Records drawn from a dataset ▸
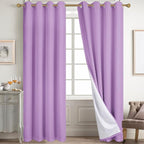 Diraysid 100% Blackout Curtains Lilac Linen Curtains by Diraysid%2C+refresh+your+life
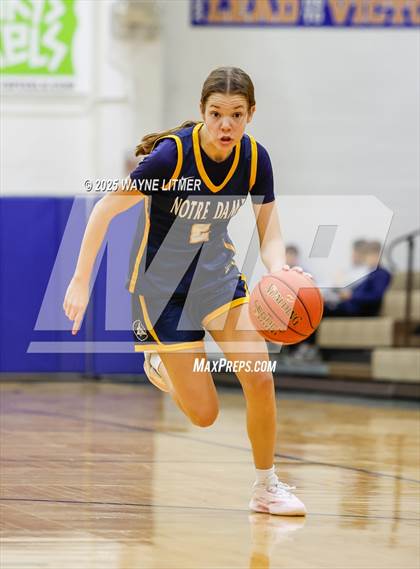 Thumbnail 3 in JV: Notre Dame Academy @ Newport Central Catholic photogallery.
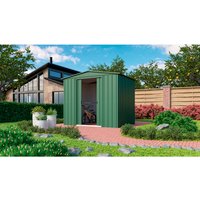 Globel Gerätehaus »Dream«, Stahl, Satteldach, 4,1 m², BxT: 245 x 185 cm, jade – gruen Rabatt: 13 % Globel Gerätehaus »Dream«, Stahl, Satteldach, 4,1 m², BxT: 245 x 185 cm, jade – gruen Rabatt: 13 %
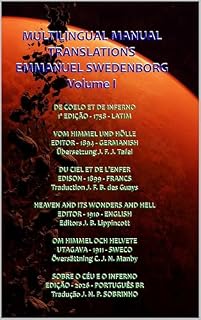 Livro MULTILINGUAL MANUAL TRANSLATIONS EMMANUEL SWEDENBORG: VOLUME I (EMANUEL SWEDENBORG Livro 2)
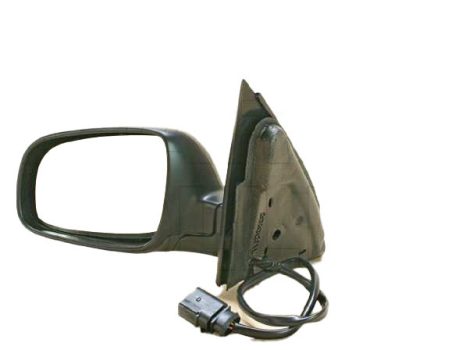 Seat Arosa 2000.09.01- Visszapillantó tükör bal, elektromos  állítható,aszférikus, fűthető, fényezendő (150mm) (0J7S)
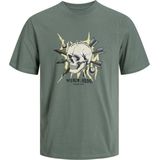 Jack Jones - Heren Tee SS Heavens Regular Fit Tee - Zwart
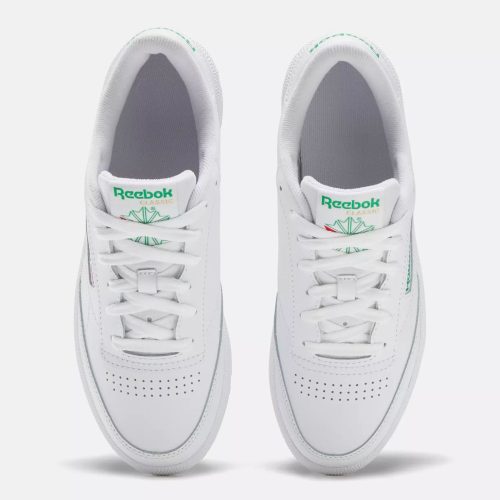 reebok club c 85 shoes white green 100033933 5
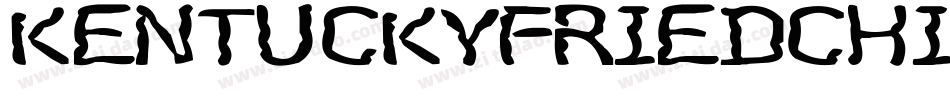 Kentuckyfriedchickenfont-vA3A字体转换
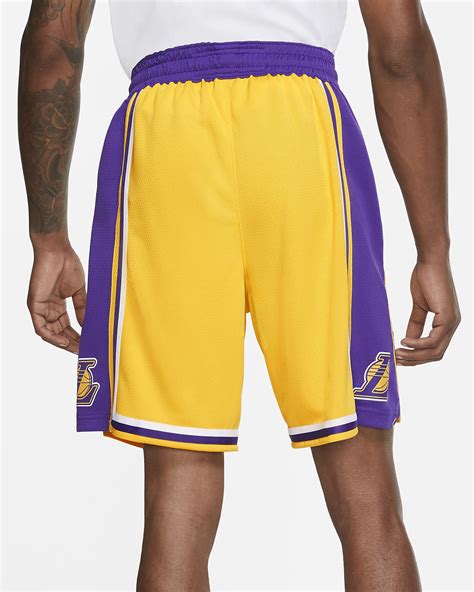 Los Angeles Lakers Icon Edition Mens Nike Nba Swingman Shorts Nike Ma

TASK PROMPT ▸ Your answer must be the lines from the one holding "Thumbnail 3 in" through the final line of the records above, exactly as written and without any pictures.

TASK RESPONSE ▸
 Thumbnail 3 in JV: Notre Dame Academy @ Newport Central Catholic photogallery.
 Globel Gerätehaus »Dream«, Stahl, Satteldach, 4,1 m², BxT: 245 x 185 cm, jade – gruen Rabatt: 13 % Globel Gerätehaus »Dream«, Stahl, Satteldach, 4,1 m², BxT: 245 x 185 cm, jade – gruen Rabatt: 13 %
 Livro MULTILINGUAL MANUAL TRANSLATIONS EMMANUEL SWEDENBORG: VOLUME I (EMANUEL SWEDENBORG Livro 2)
 Seat Arosa 2000.09.01- Visszapillantó tükör bal, elektromos  állítható,aszférikus, fűthető, fényezendő (150mm) (0J7S)
 Jack Jones - Heren Tee SS Heavens Regular Fit Tee - Zwart
 reebok club c 85 shoes white green 100033933 5
 Kentuckyfriedchickenfont-vA3A字体转换
 Los Angeles Lakers Icon Edition Mens Nike Nba Swingman Shorts Nike Ma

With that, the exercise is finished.